91. It says something that the most "macho" member of the Clinton cabinet was his lesbian Attorney General, Janet Reno. In early 1993 the Bureau of Alcohol, Tobacco, Firearms and Explosives raided the Waco, TX headquarters of the Branch Davidians, a religious group that had split off from the Seventh-Day Adventist Church, on charges that they were physically and sexually abusing their children. Four agents and six Branch Davidians were killed, and the compound was surrounded by FBI agents. The siege went on for fifty-one days, while FBI negotiators talked on the telephone with the sect's leader, David Koresh. Finally Reno authorized the FBI to remove the Branch Davidians by force. It was never determined if the resulting fire had been caused by some of Koresh's followers, or by an incendiary device the FBI fired into a building after filling it with tear gas. Whoever did it, the fire left seventy-six Branch Davidians dead, including Koresh and seventeen children under the age of 17.
Near the end of the Clinton presidency, Reno added to her tough reputation by using force to resolve another standoff: she had Elian Gonzalez, a six-year-old refugee whose arrival in Miami got national attention, seized by border patrol agents and sent back to Cuba.

92. During the 1990s, there was a trend in much of the free world to elect center-left politicians who were not driven much by ideology. Examples include Tony Blair in the United Kingdom, Gerhard Schroeder in Germany, and Ehud Barak in Israel. All of them claimed Bill Clinton as a mentor and role model.

93. So far only one president has lived longer than Reagan; when Gerald Ford died in 2006, he was 45 days older.

94. There were debates in Washington on what to do with the budget surplus. Should the government give back the extra money by lowering taxes, create new programs to spend the surplus on, or use the surplus to pay down the national debt?

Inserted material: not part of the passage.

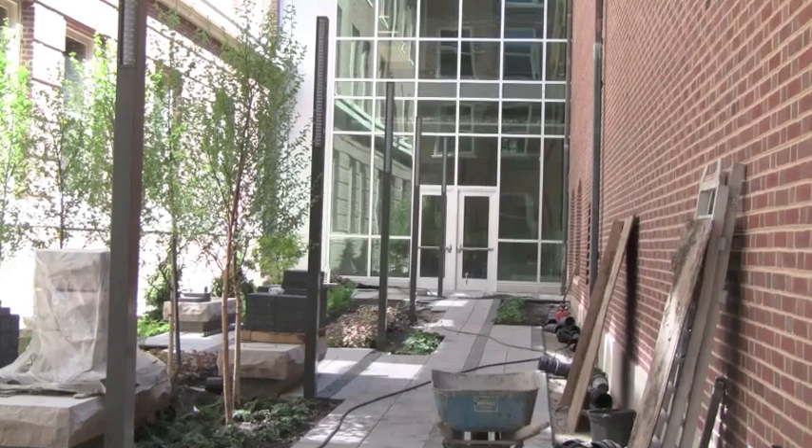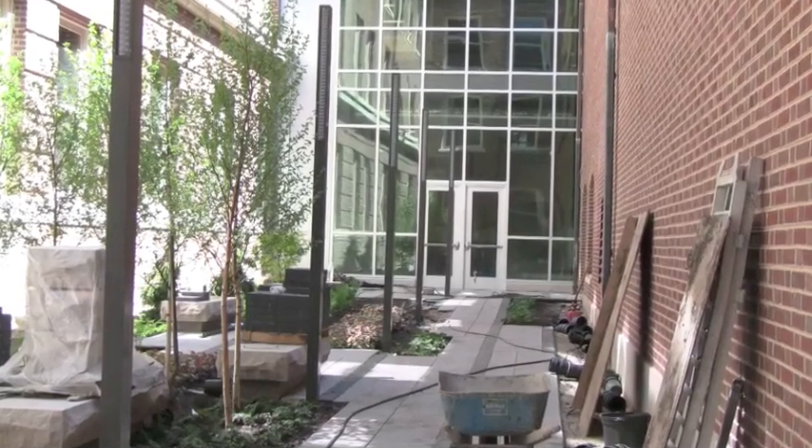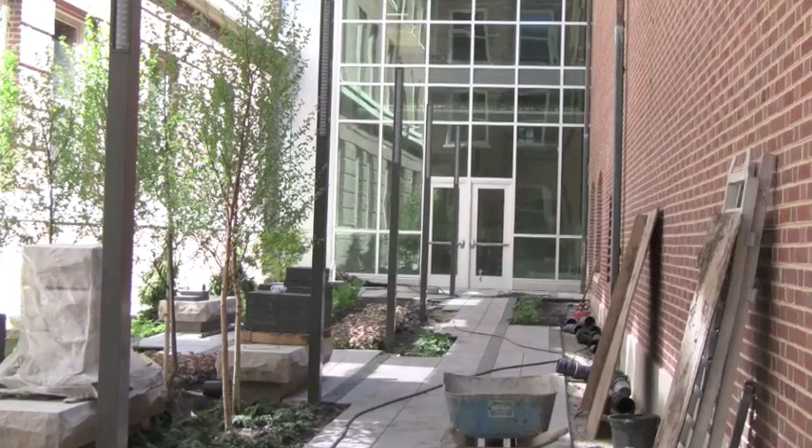Why don't we go take a look at the courtyards? The courtyards in Lincoln Hall escaped most people's attention, and they were little more than thoroughfares. But now, the rejuvenated courtyards are easily accessible off the main floor, and they also serve as a pleasant gathering space.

Clinton definitely did not want the first option. In a 1999 speech he said, "We could give it all back to you and hope you spend it right... But ... if you don't spend it right, here's what's going to happen." Then he went on to describe a gloomy future for Social Security, when more people are collecting benefits than paying taxes.

95. One of the reasons why Clinton was popular with the Left was because he was opposed to any restrictions on abortion. That included the most barbaric procedure, "partial-birth abortions," which New York Senator Daniel Patrick Moynihan, a Catholic, called "close to infanticide." When Congress sent him a bipartisan bill that banned partial-birth abortions, Clinton vetoed it.

96. Patterson also accused Clinton of "CNN diplomacy," meaning that he got involved in international trouble spots where TV cameras were present (e.g., Somalia, Bosnia), while ignoring less photographed places like Rwanda, the Congo, and Chechnya. It may be just as well; comedians at the time claimed that because most Americans know so little about geography, they would have thought that Rwanda was a black woman's name. One joke had a reporter ask Clinton what he thought about Rwanda, and the president defensively answered, "I don't know her, I never touched her, you can't prove I was alone in a motel room with her . . ."

97. The Yugoslav Wars involved fighting in Croatia, Bosnia and Kosovo. See Chapter 18 of my European history for a more detailed account of these conflicts.

98. Scott O'Grady's story was made into a movie, Behind Enemy Lines.

99. In the first years of the twenty-first century, the notorious terrorist group Al Qaeda recruited blonde-haired, blue-eyed Bosnians, as the so-called "White Al Qaeda." Because these recruits looked like Nordic Europeans or white North Americans, they generated less suspicion than men of Middle Eastern ancestry.